▶ **DESCRIPTION OF THE TASK**:
Transcribe word for word the section of the records below that opens with the line containing "CUCCOO BIZCHIC Giày" and closes with the line containing "Technik V8 Zestaw"; drop every picture.

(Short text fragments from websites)
== == ==

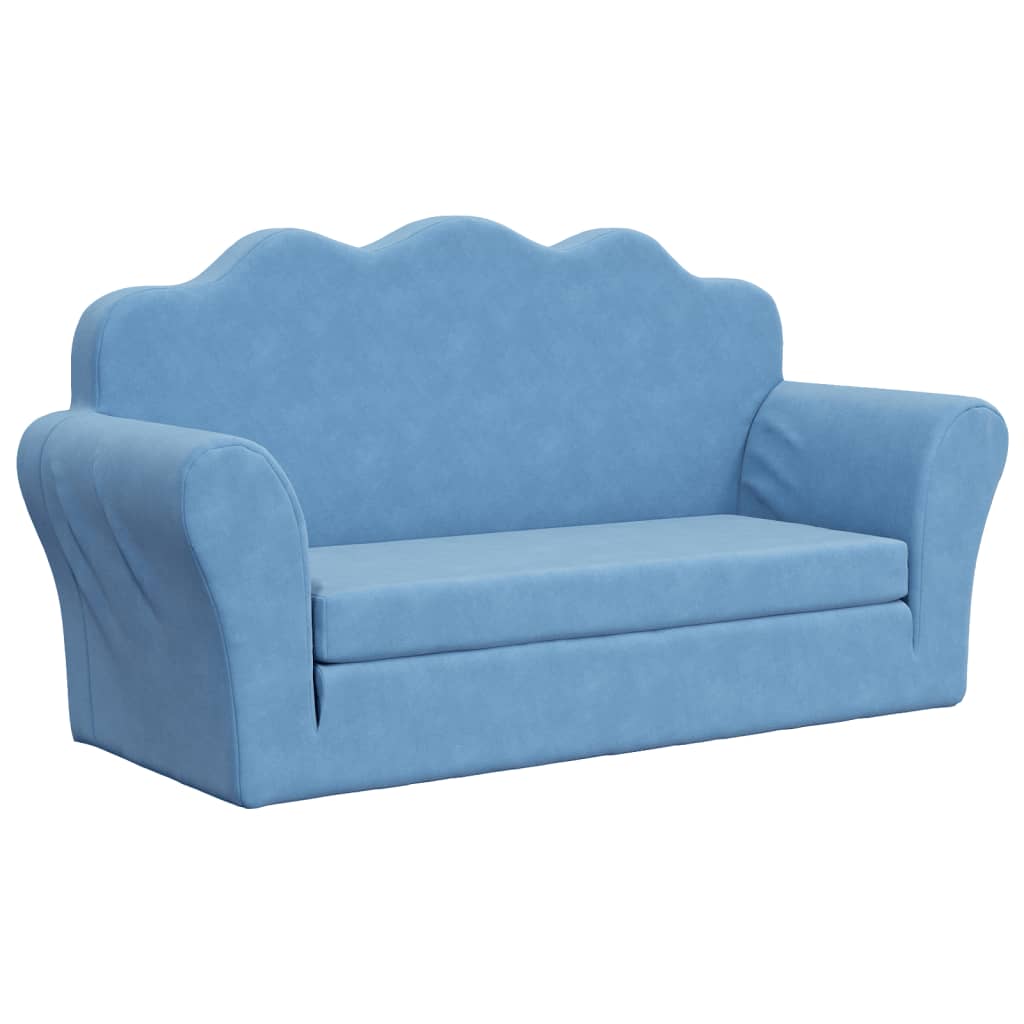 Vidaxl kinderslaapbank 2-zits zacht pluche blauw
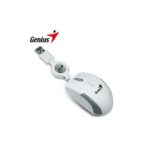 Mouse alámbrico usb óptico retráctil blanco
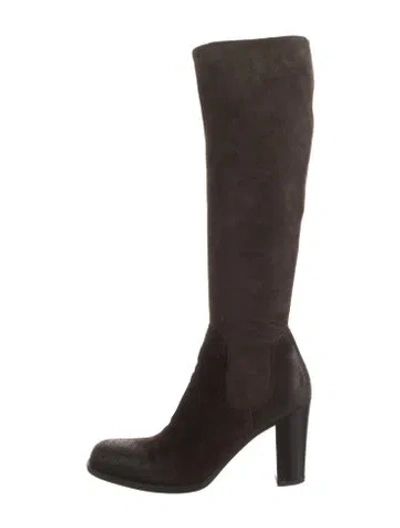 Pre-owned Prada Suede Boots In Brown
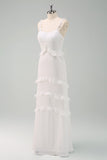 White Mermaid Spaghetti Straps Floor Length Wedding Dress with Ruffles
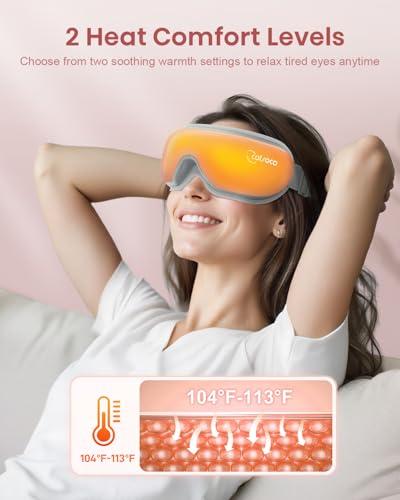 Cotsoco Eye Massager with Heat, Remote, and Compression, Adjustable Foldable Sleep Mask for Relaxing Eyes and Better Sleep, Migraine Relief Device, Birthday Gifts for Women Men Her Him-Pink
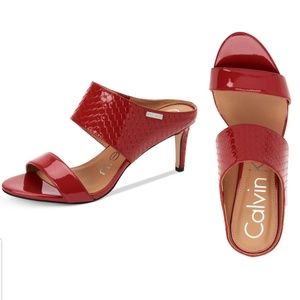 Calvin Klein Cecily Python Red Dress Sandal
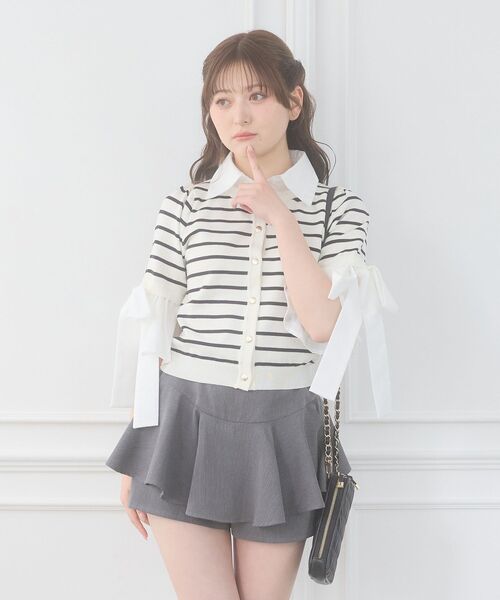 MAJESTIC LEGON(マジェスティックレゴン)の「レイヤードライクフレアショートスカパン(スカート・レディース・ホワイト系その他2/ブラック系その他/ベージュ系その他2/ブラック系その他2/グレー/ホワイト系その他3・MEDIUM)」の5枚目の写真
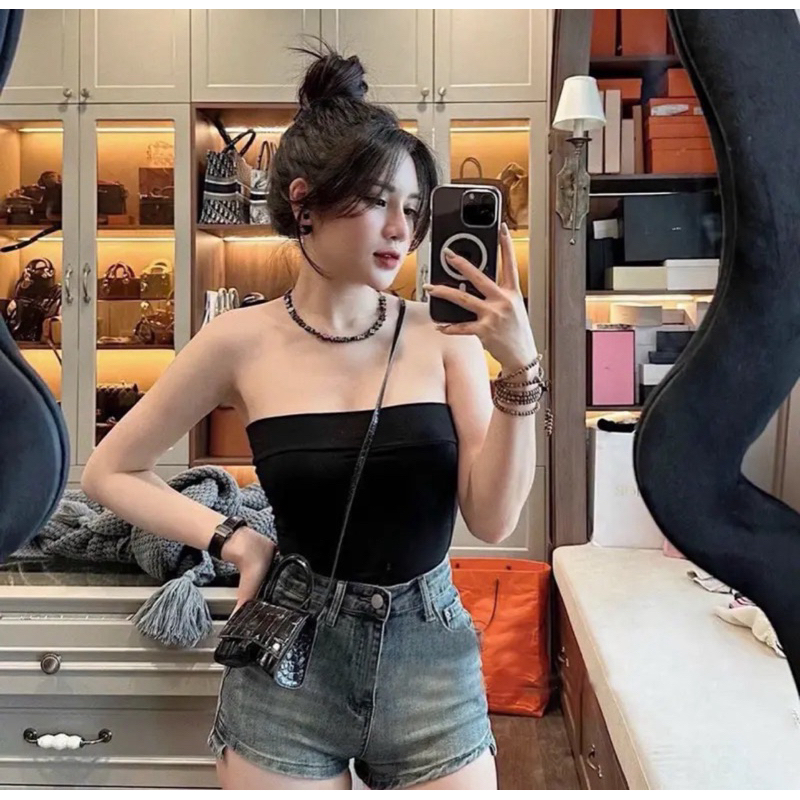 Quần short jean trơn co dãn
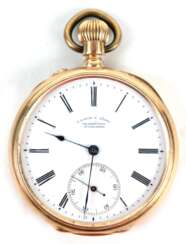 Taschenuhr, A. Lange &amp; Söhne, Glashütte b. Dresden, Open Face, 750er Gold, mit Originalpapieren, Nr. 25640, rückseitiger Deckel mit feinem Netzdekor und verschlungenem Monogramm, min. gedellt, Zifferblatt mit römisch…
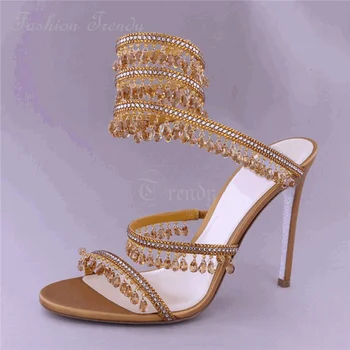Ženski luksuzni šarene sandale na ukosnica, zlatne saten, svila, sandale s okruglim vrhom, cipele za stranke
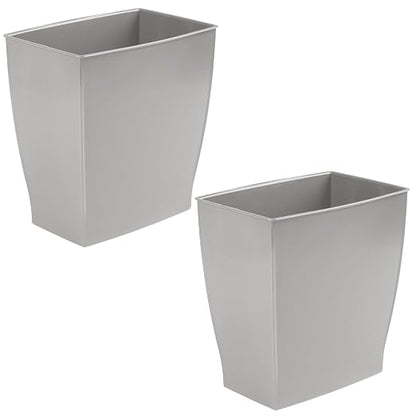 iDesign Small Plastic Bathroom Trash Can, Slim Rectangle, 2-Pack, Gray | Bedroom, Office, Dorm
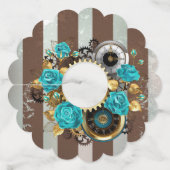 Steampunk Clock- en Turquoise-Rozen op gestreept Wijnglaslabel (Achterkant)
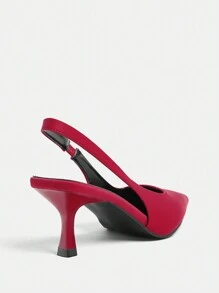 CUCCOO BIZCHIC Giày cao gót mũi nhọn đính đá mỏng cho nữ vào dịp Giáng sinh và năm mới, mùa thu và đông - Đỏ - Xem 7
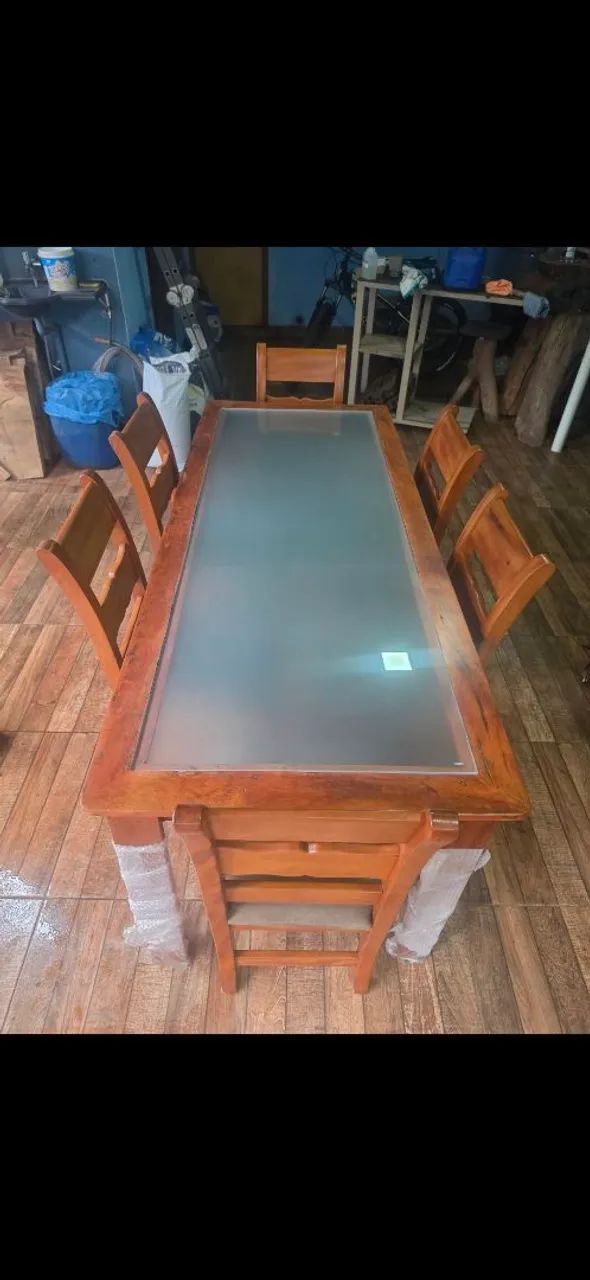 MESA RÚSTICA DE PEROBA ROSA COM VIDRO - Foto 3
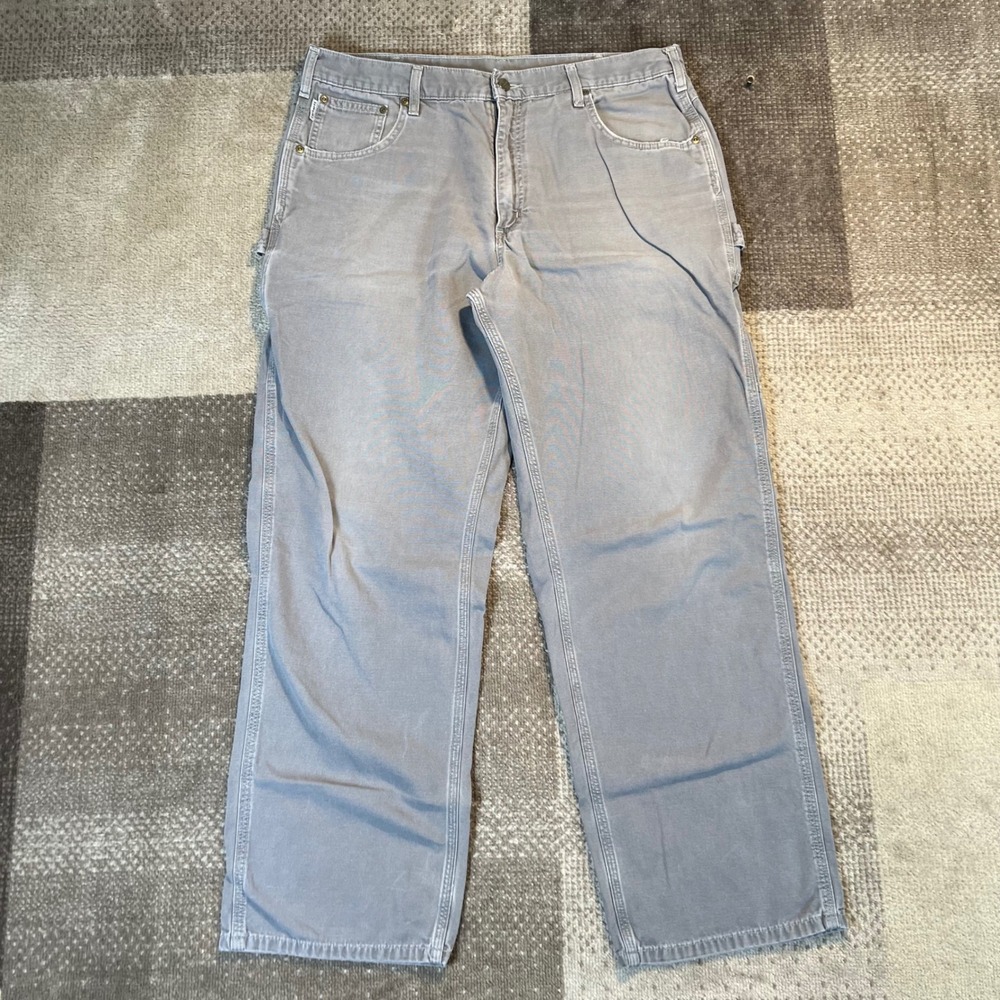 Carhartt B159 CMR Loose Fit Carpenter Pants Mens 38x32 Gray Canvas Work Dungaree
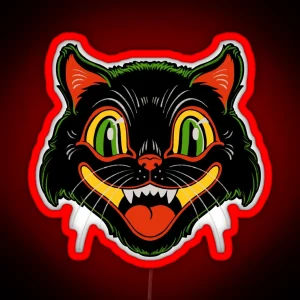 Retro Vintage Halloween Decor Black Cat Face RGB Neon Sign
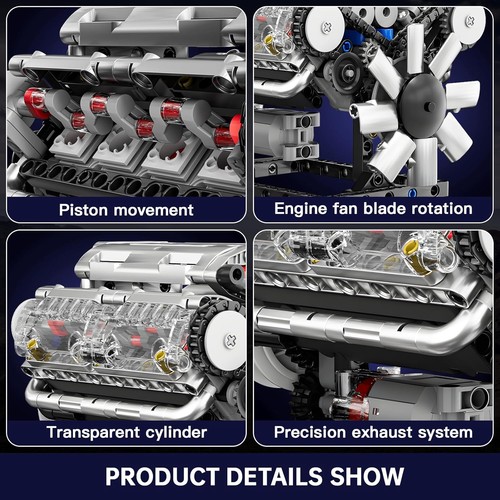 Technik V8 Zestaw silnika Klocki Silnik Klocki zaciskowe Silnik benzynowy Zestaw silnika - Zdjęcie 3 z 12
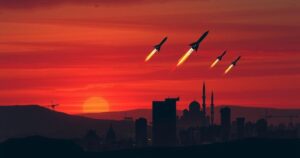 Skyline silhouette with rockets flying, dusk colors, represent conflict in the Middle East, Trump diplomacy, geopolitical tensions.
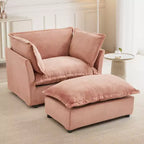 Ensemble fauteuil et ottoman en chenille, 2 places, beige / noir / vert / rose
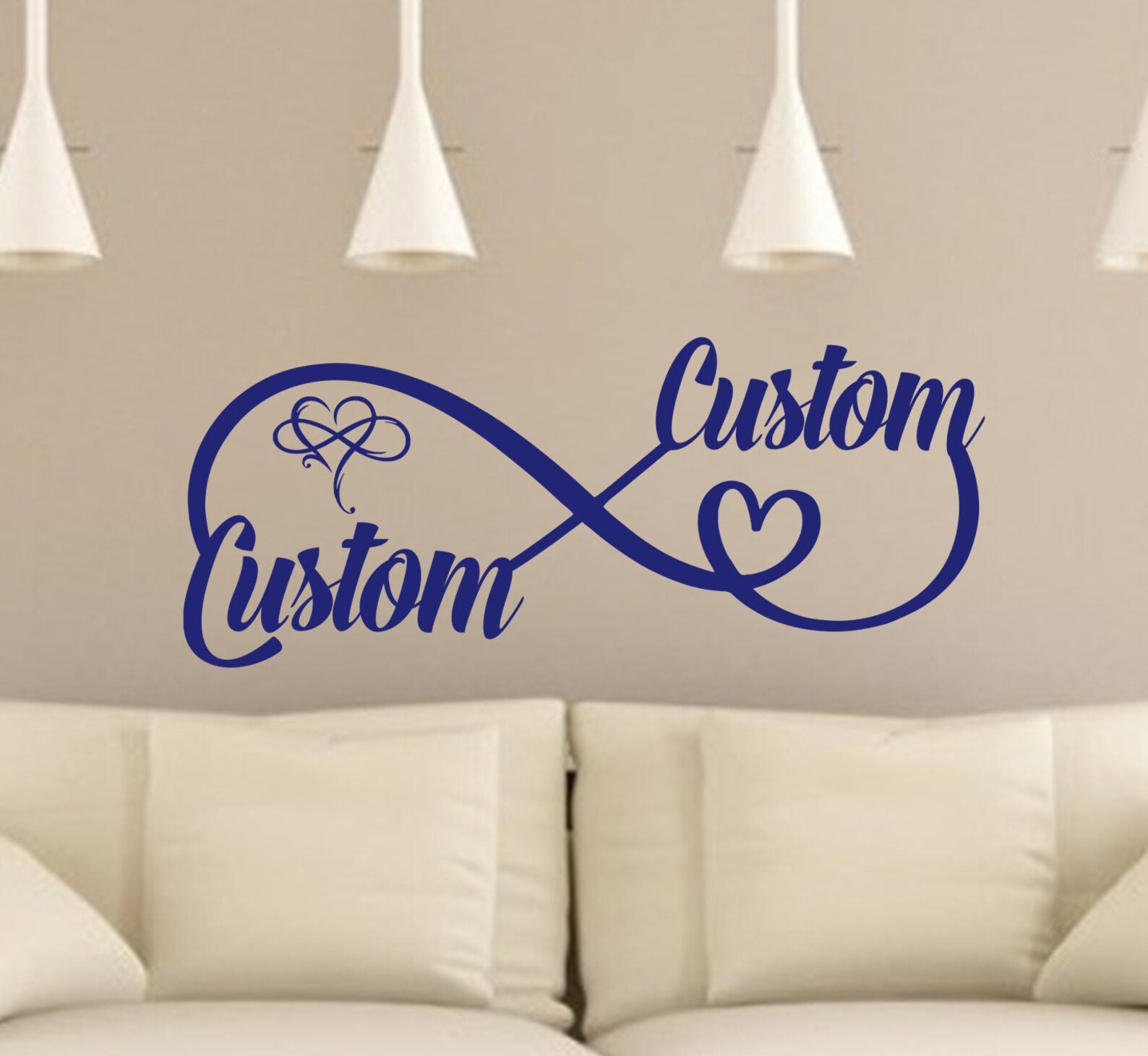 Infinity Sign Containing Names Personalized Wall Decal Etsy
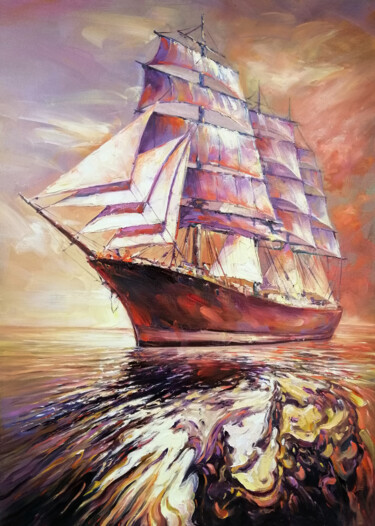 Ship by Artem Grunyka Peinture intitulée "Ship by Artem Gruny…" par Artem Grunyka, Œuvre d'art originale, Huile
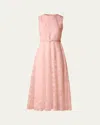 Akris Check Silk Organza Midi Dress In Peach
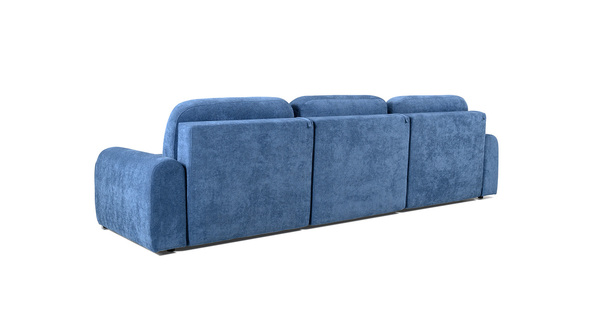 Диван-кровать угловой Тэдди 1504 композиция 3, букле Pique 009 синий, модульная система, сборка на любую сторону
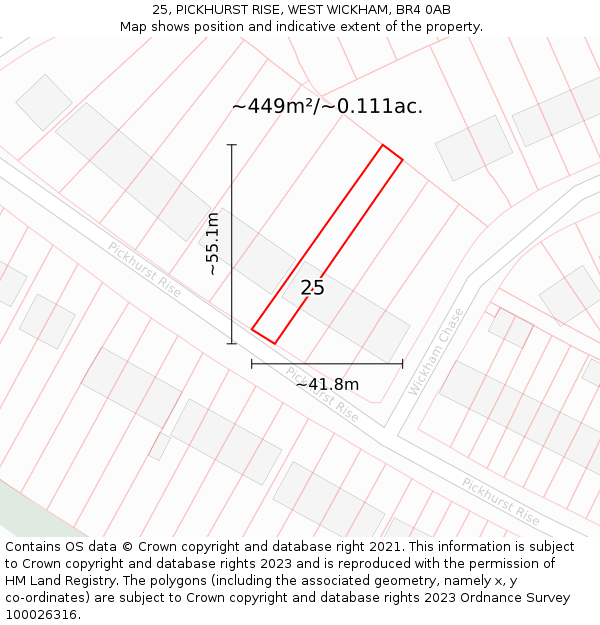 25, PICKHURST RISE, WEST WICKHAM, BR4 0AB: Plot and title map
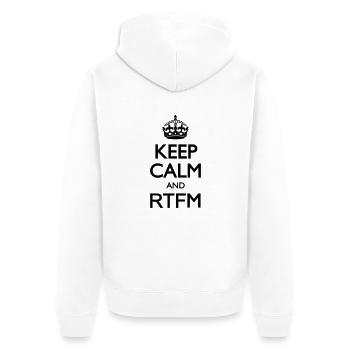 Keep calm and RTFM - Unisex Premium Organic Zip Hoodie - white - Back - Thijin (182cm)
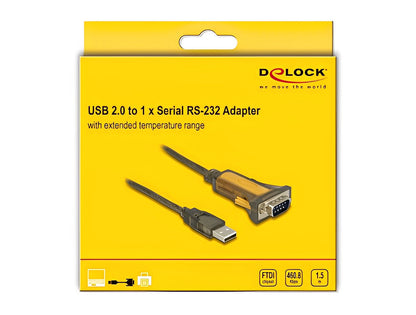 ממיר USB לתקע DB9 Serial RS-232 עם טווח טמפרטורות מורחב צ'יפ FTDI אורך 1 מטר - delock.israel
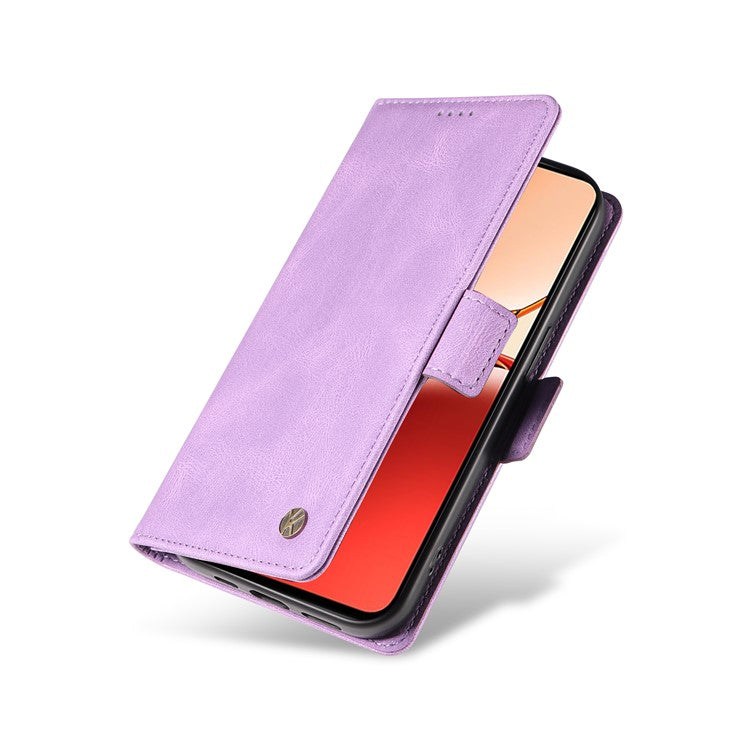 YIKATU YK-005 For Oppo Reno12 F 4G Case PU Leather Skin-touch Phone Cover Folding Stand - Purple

== == ==

▶ **SOLVED PROBLEM**:
 CUCCOO BIZCHIC Giày cao gót mũi nhọn đính đá mỏng cho nữ vào dịp Giáng sinh và năm mới, mùa thu và đông - Đỏ - Xem 7
 MESA RÚSTICA DE PEROBA ROSA COM VIDRO - Foto 3
 Carhartt B159 CMR Loose Fit Carpenter Pants Mens 38x32 Gray Canvas Work Dungaree
 Retro Vintage Halloween Decor Black Cat Face RGB Neon Sign
 Technik V8 Zestaw silnika Klocki Silnik Klocki zaciskowe Silnik benzynowy Zestaw silnika - Zdjęcie 3 z 12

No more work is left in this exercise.